Cocaine, unlike other substances, is generally used in a compulsive (binge) manner followed by periods of non-use that, from a neurochemical point of view, correspond to a strong depletion of neurotransmitters.
The nasal route (snorting) is preferentially used and only rarely the parental route.
Recently, it has become more common to smoke cocaine in its basic form: crack
Cocaine is used by people from all social strata without ethnic differences, and there is also evidence that young women are more likely than their male peers to binge.
Cocaine use is closely related to the pharmacological properties of the substance, the characteristics of the individual and the environment.
This substance, perhaps more than any other drug, tends to be used in certain social contexts and by specific groups of people.
In fact, it has been proven that environmental factors are absolutely crucial in determining an amplification of use.
Still largely to be clarified is the influence of particular personality frameworks or how different personality structures may be more or less vulnerable to cocaine use.
HOW DOES COCAINE WORK?
The purer the substance, the greater the clinical effects procured.
In practice, however, cocaine is always adulterated with other compounds such as:
- mannitol;
- lactose or glucose to increase its volume;
- caffeine;
- lidocaine;
- amphetamine to amplify its effects (Bastos, Hoffman, 1976).

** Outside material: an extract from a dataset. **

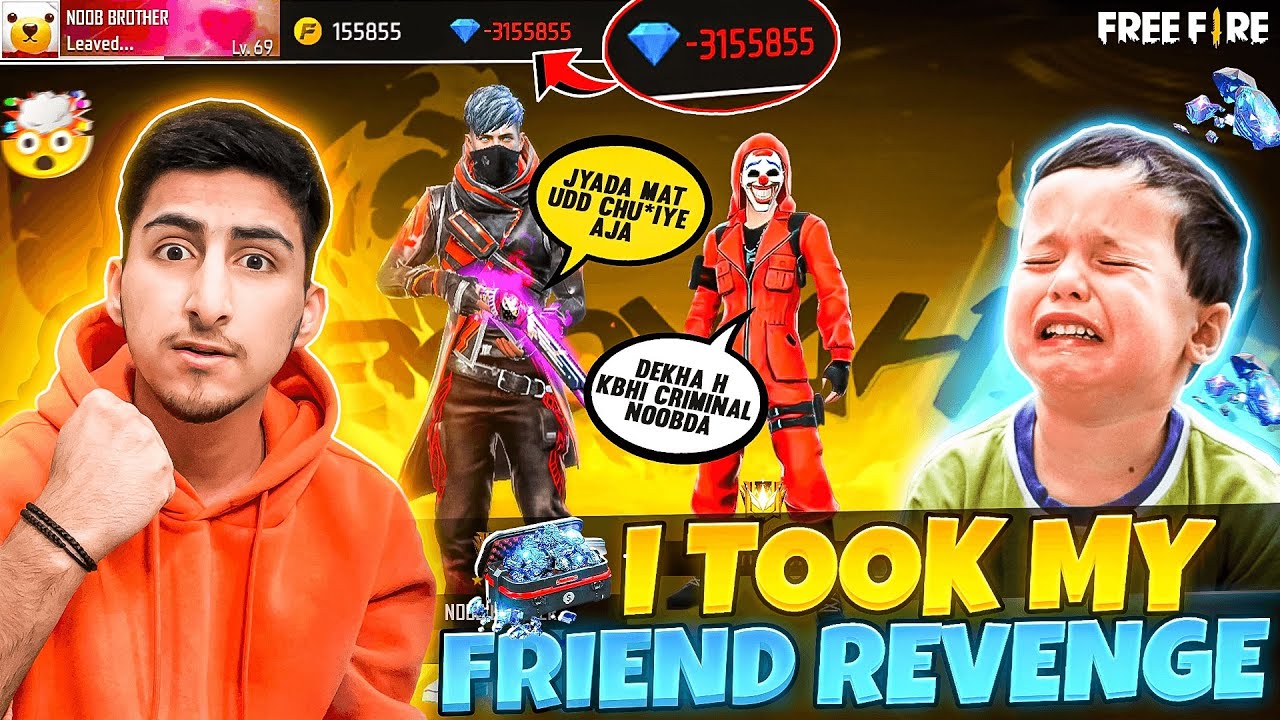 Месть за моего друга😡🤬 Они называют нас нубами - Free Fire India￼￼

Cocaine that is usually sold contains 10 to 50 per cent active ingredient and only very rarely reaches 70 per cent.
Pharmacologically, cocaine is able to block the neuronal reuptake of dopamine, noradrenaline and serotonin and to increase glutamatergic transmission.
CLINICAL EFFECTS ON THE BODY
The clinical effects of cocaine are directly proportional to the dose administered.
Doses between 25 and 125 mg result in what are the desired effects consisting of:
- euphoria;
- increased sociability and energy;
- reduced need for sleep;
- apparent and temporary increase in efficiency.
Higher doses of the substance, above 150 mg result in:
- vasoconstriction;
- increased heart rate and temperature;
- dilation of the pupil of the eye in the absence of light (mydriasis)
- if the substance is taken nasally, strong local anaesthesia.
Doses in excess of 300 mg may cause overdoses in even tolerant subjects with
- stereotyped and repetitive behaviour
- anxiety;
- panic attacks;
- paranoia;
- hallucinations;
- aggression;
- violence;
- cardiovascular problems such as myocardial infarction or angina; arrhythmias;
- neurological accidents such as dizziness, headaches, blurred vision, ischaemia, heart attacks and haemorrhages.
Through the brain’s increase in dopamine it is also able to bring about an increase in sexual arousal.
Cocaine is normally abused for its psychostimulant abilities
It must be remembered that the central nervous system cannot be artificially stimulated beyond a certain limit because it tends to undergo metabolic exhaustion if over-excited in a relatively short time.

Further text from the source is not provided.